If you're interested in $L^2$ convergence, then you could use a Fourier Series of exponentials, a Fourier cosine series, a Fourier sin series, or a Fourier transform, which is an integral "sum" of terms. All of these will converge in $L^2$. You can also use various series where the frequencies are not harmonic.
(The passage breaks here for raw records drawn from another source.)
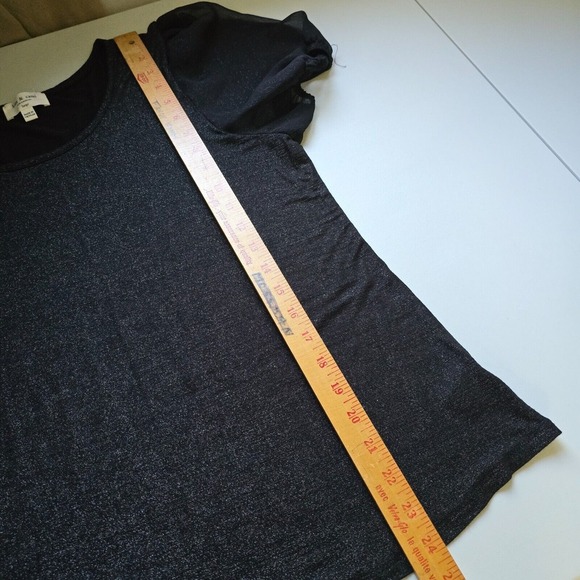 Kim & Cami Top Womens Large Black Metallic Puff Sleeve Party‎ Punk - Picture 9 of 10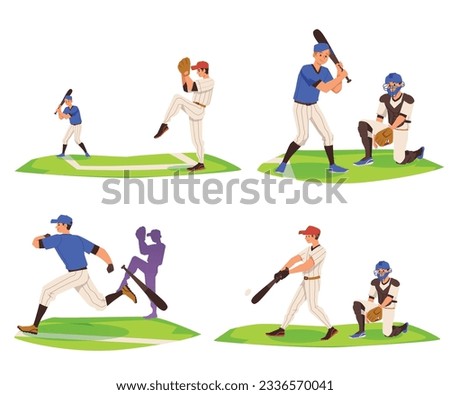 Baseball game scenes collection flat cartoon vector illustration isolated on white background. Baseball sport competition and entertainment for public set.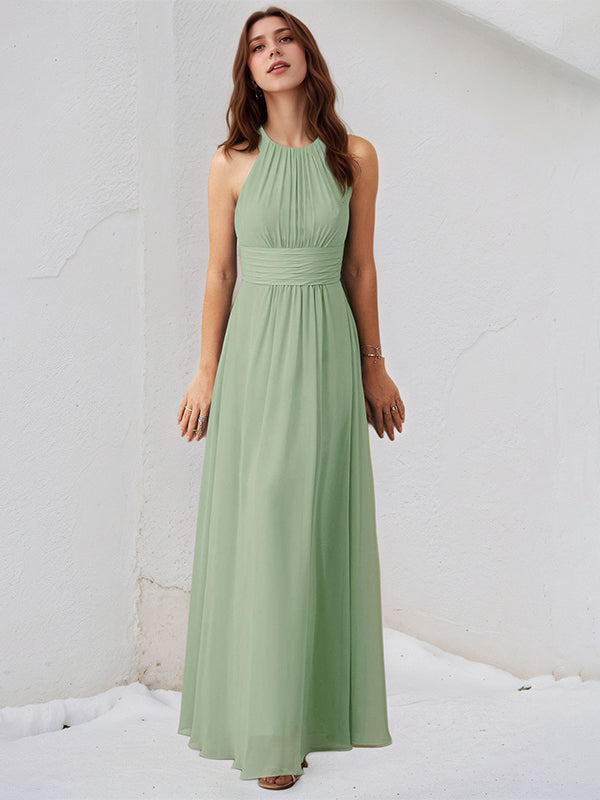 Agave Chiffon A Line Halter Neck Sleeveless Floor Length Bridesmaid Dress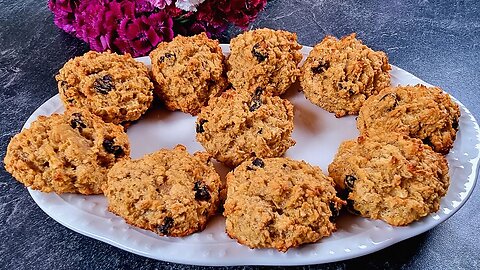 Tasty diet cookies with oats, raisins and pears in 5 minutes! No sugar, no flour!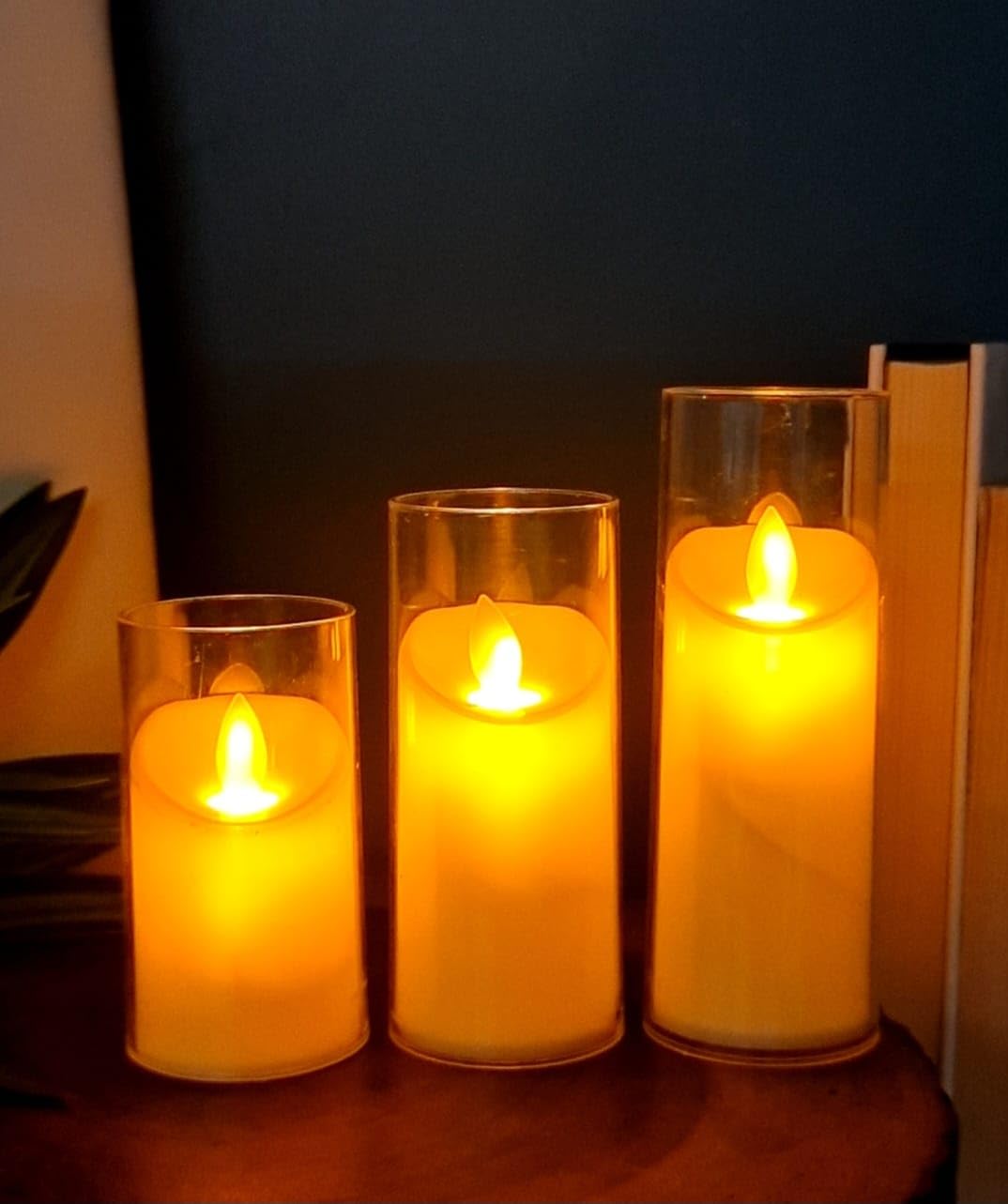 Satyam Kraft 3 Pcs Flameless Led Tea Light Piller Candle For Home Decor, Gifting, House, Light For Balcony, Room, Birthday Decor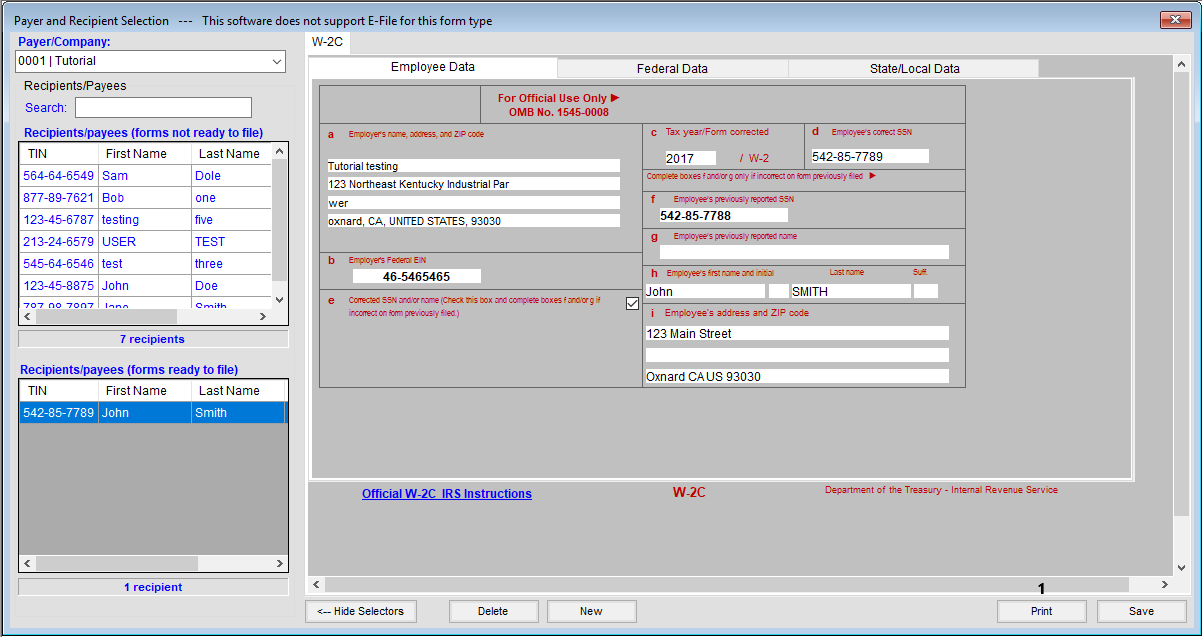 Printing the W2C in TFP software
This is because $Lf=-\frac{d^2}{dx^2}f$ is self-adjoint on the twice absolutely continuous functions on $[a,b]$ with any of the following endpoint conditions
$$
\cos(\alpha)f(a)+\sin(\alpha)f'(a)=0 \\
\cos(\beta)f(b)+\sin(\beta)f'(b) = 0.
$$
These conditions yield different sets of eigenfunctions for $L$, and each such set is a complete orthogonal set of functions for $L^2[a,b]$.
As a simple example, let $\alpha=0$ $\beta=\pi/2$ so that the conditions above become
$$
f(a)=0,\;\; f'(b)=0.
$$
For normalization, choose $f'(a)=1$. The solutions satisfying the conditions at $a$ have the form
$$
f_{\lambda}(x)= \frac{\sin(\sqrt{\lambda}(x-a))}{\sqrt{\lambda}}
$$
These become eigenfunctions of the problem if $f_{\lambda}'(b)=0$, which gives the eigenvalue equation
$$
\cos(\sqrt{\lambda}(b-a))=0
$$
The eigenvalues $\lambda$ must satisfy
$$
\sqrt{\lambda}(b-a)=\frac{\pi}{2},\frac{3\pi}{2},\frac{5\pi}{2},\cdots .
$$
The eigenfunctions are, up to multiplicative constants, the functions $\sin(\lambda (x-a))$ where $\lambda$ values are chosen so that $\cos(\lambda(b-a))=0$. If you choose mixed conditions where the $\alpha,\beta$ are not simple, then you end up with a variety of non-trivial sequences of eigenvalues. The corresponding eigenfunctions form a complete orthogonal basis of $L^2[a,b]$.